Remember this post about generating power from cow manure?
It’s catching on.
Computer and software giant Hewlett-Packard has produced a paper outlining how dairy farmers could partner with technology companies by converting manure into fuel for power-intensive data and server centers. This proposed partnership results partly from improvements in high-speed data transfer that are enabling tech companies to locate their servers further from population centers, in places like rural Iowa. It’s also partly the result of the massive and always growing power needs of these data centers or server farms.
In the same way that the volume of waste produced by cows is not always evident from the kitchen table, the vast energy demands of the high-tech sector are not always apparent from the vantage point of a desktop computer. But behind the scenes, there are so many servers supporting the high-speed transfer of data around the world that they are housed together in vast warehouses commonly known as server farms.

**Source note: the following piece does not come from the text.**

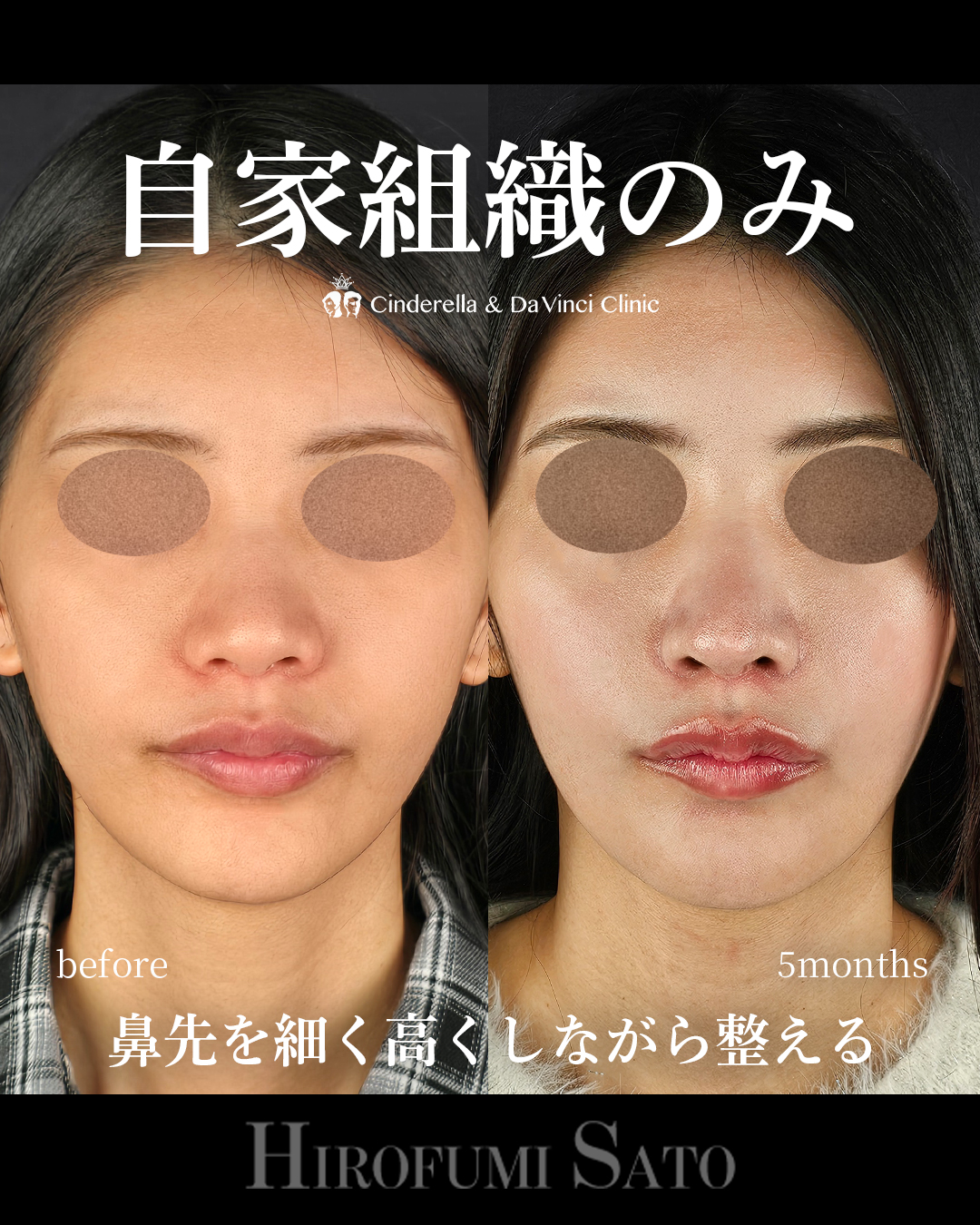 自家組織だけの画像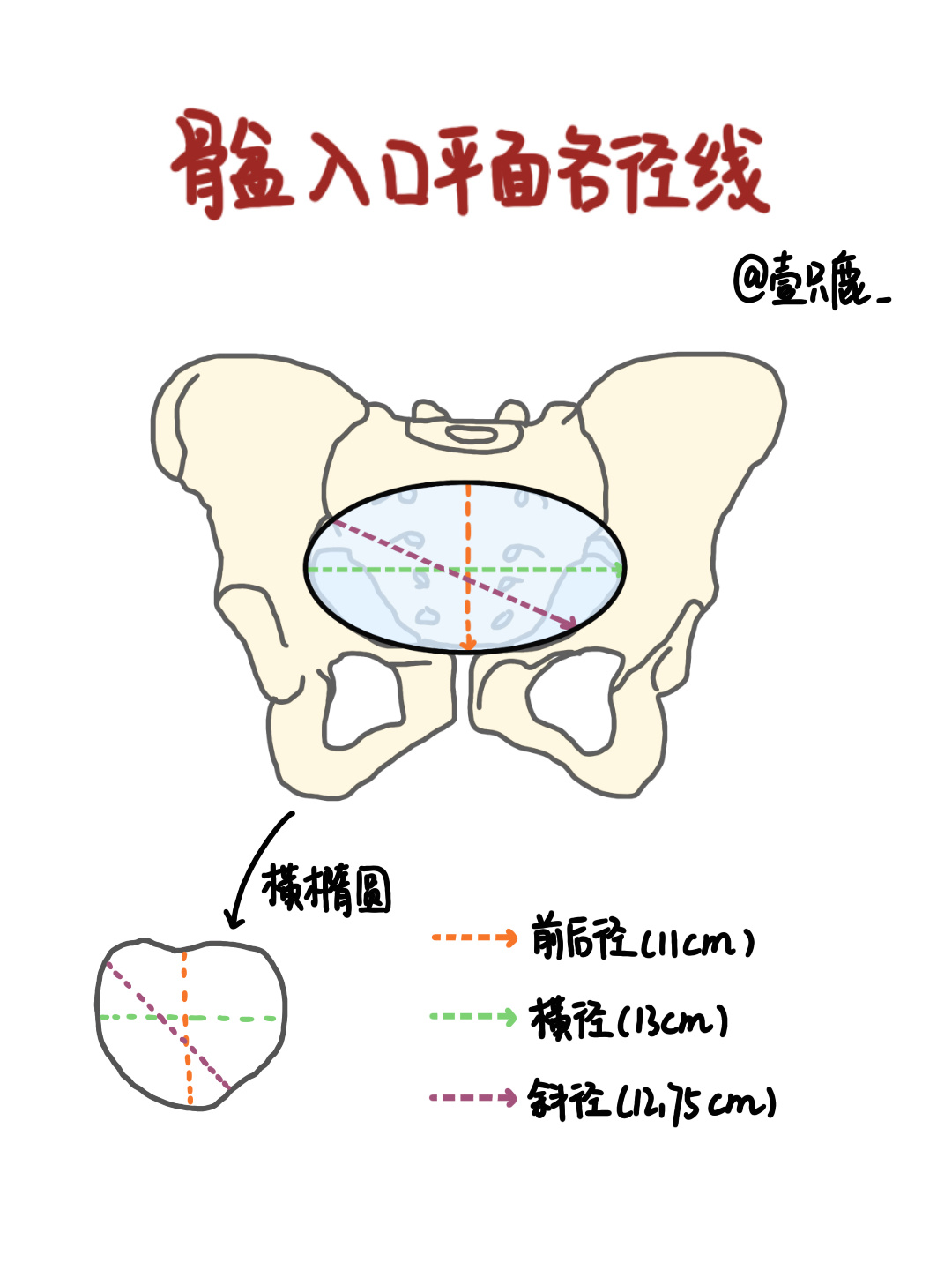 95骨盆入口平面 为骨缘盆腔上口,呈横椭圆形.前后径(真结合径)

How much power do these server farms consume? No one seems to have a good answer to that, but everyone agrees it’s an enormous amount. The high-tech companies that operate these server farms have been described as energy hogs, and many have identified growing power demands as one of their main concerns. So big a concern, in fact, that they are seriously exploring options like cow power.
The New York Times reports that Hewlett-Packard calculates that 10,000 cows could fuel a one-megawatt data center, which would be the equivalent of a small computing center used by a bank. And, there’s another synergy to be had: The systems used to turn manure into fuel require heat, while computer servers produce heat. In theory at least, it could work quite well.